EXERCISE AIM -
Although the data below holds other lines too, output only those from the line with "تشييع الطالب محمد" up to and including the line with "Erkek Skull Baskılı", exactly as they appear.

Dataset records:
- - - -

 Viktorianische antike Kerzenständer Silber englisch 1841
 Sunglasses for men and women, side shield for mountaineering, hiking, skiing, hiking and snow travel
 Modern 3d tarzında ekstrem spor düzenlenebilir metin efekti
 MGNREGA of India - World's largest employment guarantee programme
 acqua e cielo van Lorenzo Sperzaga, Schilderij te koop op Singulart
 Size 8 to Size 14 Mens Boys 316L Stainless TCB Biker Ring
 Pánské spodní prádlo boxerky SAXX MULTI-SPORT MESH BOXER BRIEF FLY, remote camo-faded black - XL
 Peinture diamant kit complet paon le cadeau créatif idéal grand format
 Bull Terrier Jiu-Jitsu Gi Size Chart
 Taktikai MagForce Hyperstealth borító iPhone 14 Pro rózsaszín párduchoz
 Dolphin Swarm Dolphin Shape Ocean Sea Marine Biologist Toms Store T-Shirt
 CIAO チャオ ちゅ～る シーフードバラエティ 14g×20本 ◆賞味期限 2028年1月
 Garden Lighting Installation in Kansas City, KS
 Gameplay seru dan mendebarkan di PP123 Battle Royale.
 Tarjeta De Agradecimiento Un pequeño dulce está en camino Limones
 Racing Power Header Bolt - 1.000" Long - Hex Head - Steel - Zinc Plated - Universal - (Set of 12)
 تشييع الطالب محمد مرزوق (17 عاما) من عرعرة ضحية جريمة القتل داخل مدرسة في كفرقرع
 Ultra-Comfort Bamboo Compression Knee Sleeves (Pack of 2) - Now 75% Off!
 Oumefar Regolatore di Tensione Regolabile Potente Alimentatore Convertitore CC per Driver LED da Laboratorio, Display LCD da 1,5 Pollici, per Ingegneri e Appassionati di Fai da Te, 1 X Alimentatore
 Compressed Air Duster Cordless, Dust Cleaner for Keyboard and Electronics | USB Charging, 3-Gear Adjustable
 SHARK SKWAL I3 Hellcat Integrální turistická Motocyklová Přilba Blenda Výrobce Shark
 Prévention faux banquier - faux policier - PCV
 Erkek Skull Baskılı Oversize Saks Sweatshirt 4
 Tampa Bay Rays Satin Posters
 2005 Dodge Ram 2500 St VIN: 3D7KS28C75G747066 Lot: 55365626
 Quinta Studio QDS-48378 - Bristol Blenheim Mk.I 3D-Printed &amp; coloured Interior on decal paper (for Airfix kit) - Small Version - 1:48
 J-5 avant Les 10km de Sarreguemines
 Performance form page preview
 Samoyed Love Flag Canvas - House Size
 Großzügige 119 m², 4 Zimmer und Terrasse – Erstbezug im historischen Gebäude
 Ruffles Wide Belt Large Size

- - - -

PROBLEM SOLUTION -
 تشييع الطالب محمد مرزوق (17 عاما) من عرعرة ضحية جريمة القتل داخل مدرسة في كفرقرع
 Ultra-Comfort Bamboo Compression Knee Sleeves (Pack of 2) - Now 75% Off!
 Oumefar Regolatore di Tensione Regolabile Potente Alimentatore Convertitore CC per Driver LED da Laboratorio, Display LCD da 1,5 Pollici, per Ingegneri e Appassionati di Fai da Te, 1 X Alimentatore
 Compressed Air Duster Cordless, Dust Cleaner for Keyboard and Electronics | USB Charging, 3-Gear Adjustable
 SHARK SKWAL I3 Hellcat Integrální turistická Motocyklová Přilba Blenda Výrobce Shark
 Prévention faux banquier - faux policier - PCV
 Erkek Skull Baskılı Oversize Saks Sweatshirt 4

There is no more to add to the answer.